Otherwise, they use a Patronus. (Unless, like Sirius Black when he
uses the Gryffindor fireplace in GoF, they don't have a wand. In OoP,
he seems to have acquired one somehow (just as the DEs, who've been in
Azkaban, somehow have wands again even though Ollivander hasn't yet
disappeared) but uses the fireplace anyway. Why doesn't Sirius send
Harry a Patronus? I guess he doesn't want the other Gryffindors to see
it. Or he doesn't have a wand yet. Or JKR wanted him to nearly get
caught by Umbridge in the fireplace.
> zgirnius:
> Exactly why I do not think it in any way indicates how Snape
communicated. The statement is not informing Harry or us about the
details of how Snape communicated, or the various ways in which other
Order members might do so. It is a very gentle reminder to Harry that
going to an Order member, not Umbridge's Floo, was a more reliable
means of communicating. Much nicer than saying "WHY DID YOU NOT GO TO
SNAPE?!"
Carol:
Well, true. But it also *suggests* that Snape used that same reliable
form of communication. If Harry had gone to Snape, he would have seen
Snape cast his Patronus (or Snape would have had to find some other
way to communicate with the Order to prove that Sirius was alive and
safe. They couldn't have used Snape's fireplace, which was being
monitored, to go to 12 GP together, and I doubt that Snape would have
said, "Let me fly/walk/run to the gates and Disapparate, Potter, and
find out for you." The Patronus would have been fast and foolproof,
and would have conveniently shown Harry where Snape's loyalties lie if
Harry had eyes to see, but, of course, we wouldn't have had the MoM
fiasco and the whole Snape storyline, which depends on ambiguity,
would have been ruined.
zgirnius:
> <snip> I do not believe Snape would have wanted Sirius to see his
Patronus. He might as well have just showed it to Harry (which
apparently he does not wish to do, since in HBP he teaches some other
way to deal with Dementors.
Carol:
That's possible. But, as I said earlier, Sirius probably would not
have interpreted it correctly. Young Severus called Lily a Mudblood,
their friendship ended, and Snape later joined the Death Eaters. Would
Sirius believe that Snape, whom he hates and thinks is still loyal to
Voldemort, was in love with Lily, James Potter's wife, who had died
fourteen years earlier? I don't think Sirius has even the remotest
understanding of snape or the remotest desire to understand him, and
he's not going to understand the significance of the doe Patronus. Nor
would he even be thinking about the form of the Patronus in a message
or messages involving Harry and Voldemort. In DH, however, I agree
that he doesn't want *Harry* to see his Patronus. But Harry has a Stag
Patronus, and he would certainly wonder why Snape's Patronus so
closely matches his own.
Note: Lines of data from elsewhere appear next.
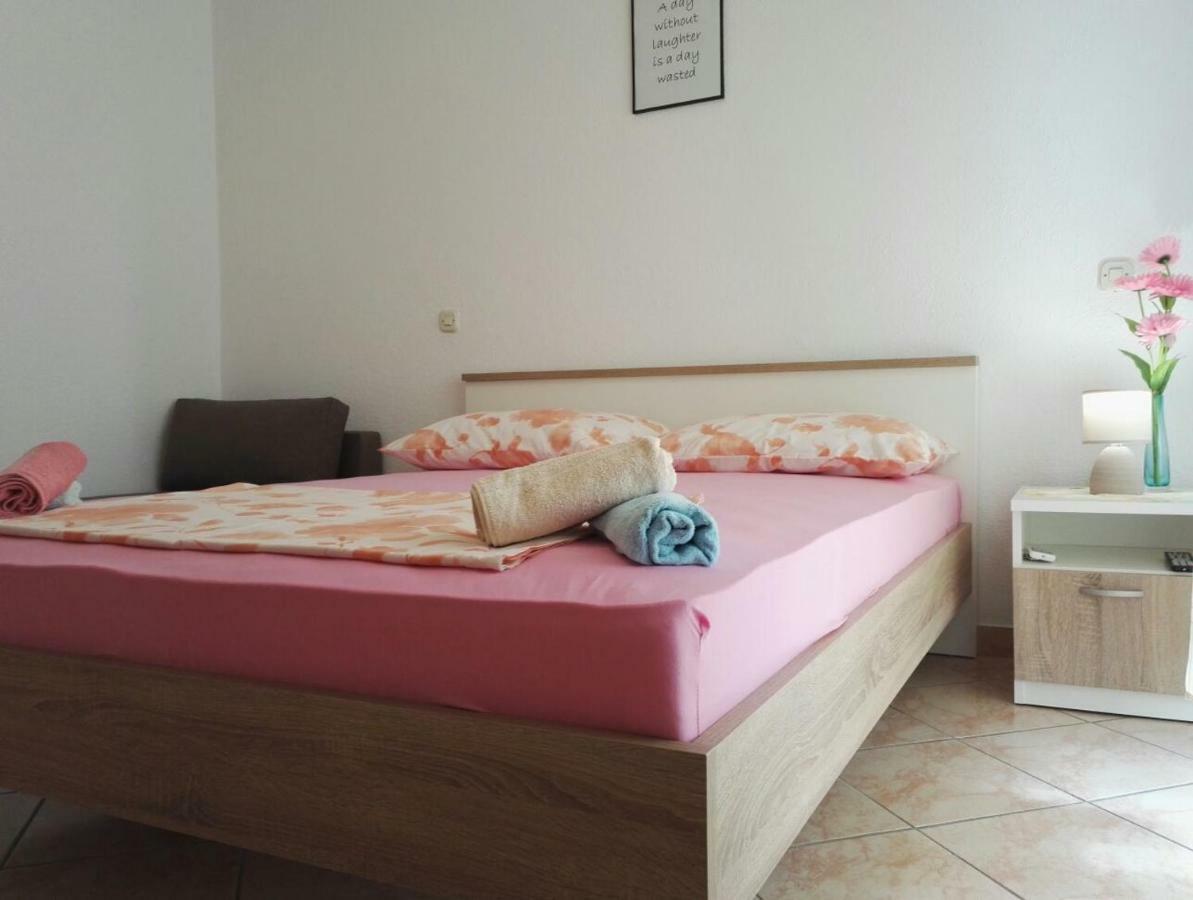 Studio Apartmani Ravlic Μακάρσκα Εξωτερικό φωτογραφία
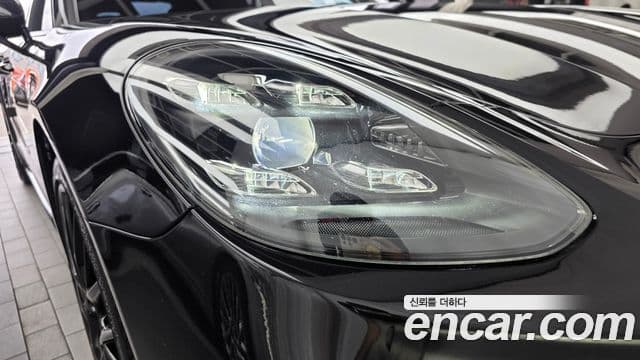 Porsche Panamera 2023 — Şəkil 22/36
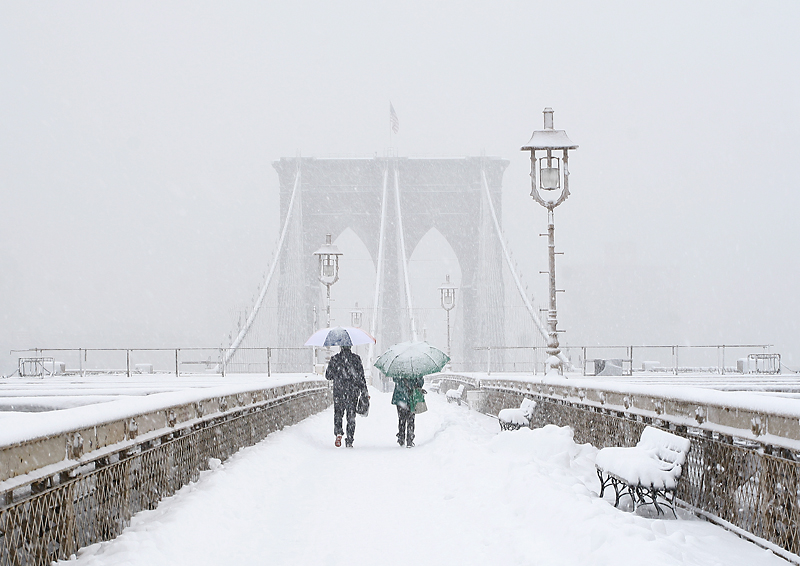 Brooklyn Bridge during heavy snowstorm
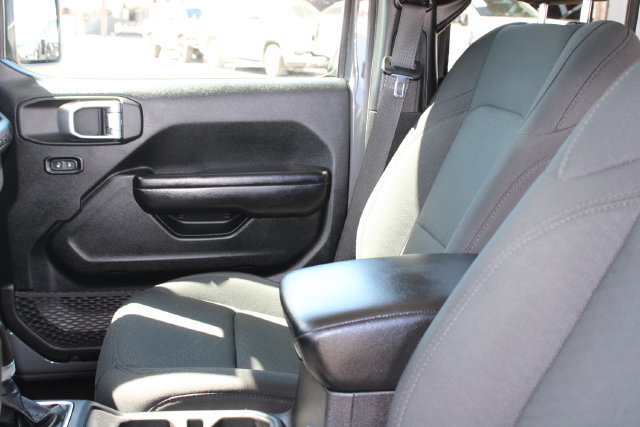 Used 2021 Jeep Wrangler Unlimited Sport AWD/4WD image 29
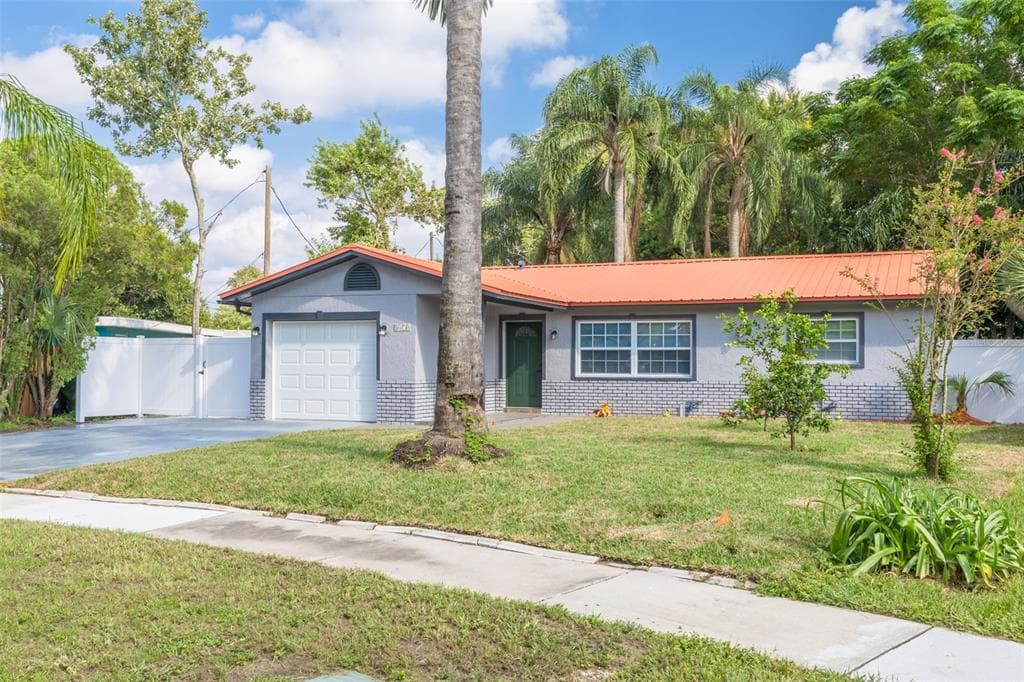 8470 LANTANA DRIVE SEMINOLE, FL 33777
It's important to Snape for personal reasons,
and for his own safety (as Portrait!DD notes in DH) that Harry not
know that Snape is helping him. (Sirius wouldn't believe it; he thinks
that Snape will use the Occlumency lessons to hurt Harry.)
zgirnius quotes:
> > jenny: How did snape keep his patronus secret from the rest of the
order?
> > J.K. Rowling: He was careful not to use the talking Patronus means
of communication with them. This was not difficult, as his particular
job within the Order, ie, as spy, meant that sending a Patronus to any
of them might have given away his true allegiance.
Carol responds:
Yes, I'm familiar with this "explanation." But it's not consistent
with canon. Snape seems to have used the Patronus to communicate at
the end of OoP. He seems to have Apparated and visited 12 GP in person
during holidays, and he would not have needed to communicate to the
Order directly when both he and DD were at Hogwarts. But I don't trust
JKR's explanations, for example, why Harry can't see Thestrals at the
end of GoF even though he's watched Cedric die.
Two points. First, JKR forgets things. I can find any number of
inconsistencies in the books, and they don't all deal with numbers.
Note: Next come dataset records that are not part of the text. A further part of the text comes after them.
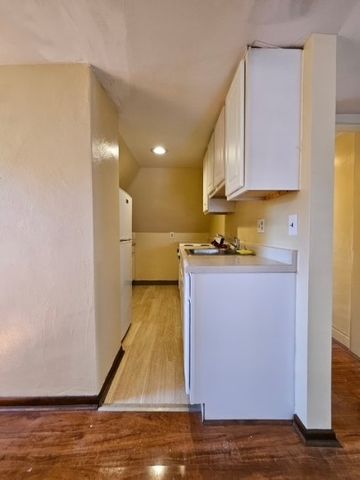 546 Greenfield Ave 3, Greenfield, PA 15207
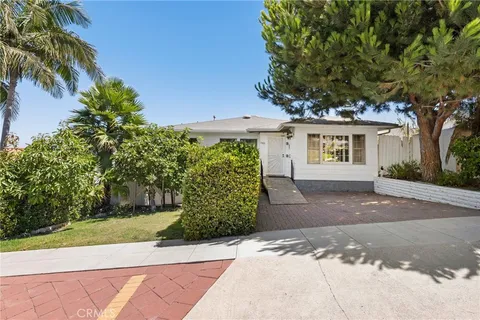 1422 S Averill Avenue, San Pedro, CA 90732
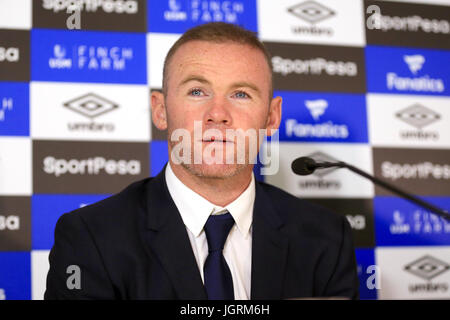 Nuova firma di Everton Wayne Rooney parla durante la conferenza stampa al Goodison Park di Liverpool. Foto Stock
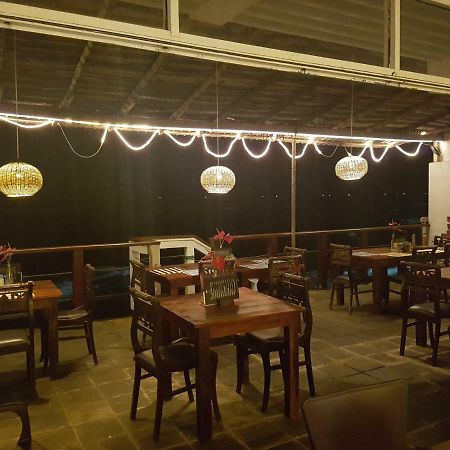 Coral Seas Beach Hikkaduwa Extérieur photo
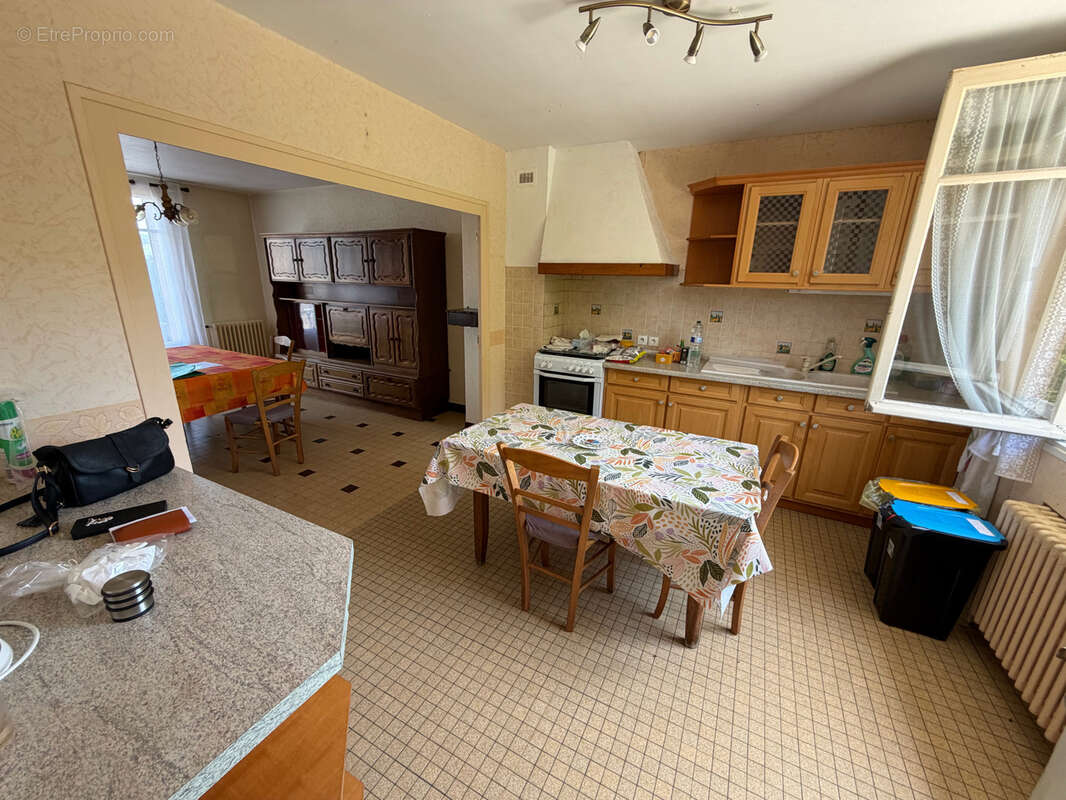 Maison 2 chambres + garage - dependance - terrain - photo 3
And, second, JKR's characters act as the plot requires them to act, as
do the spells they use. If the spells or actions are inconsistent from
book to book (or Weasley-Is-Our-King Ron has to overcome the same fear
twice) it's because the plot of the new book has different
requirements than the plot of the book it contradicts.
Carol, who doesn't trust JKR's interviews because they are off-the
cuff responses and because JKR doesn't check her own "fictional facts"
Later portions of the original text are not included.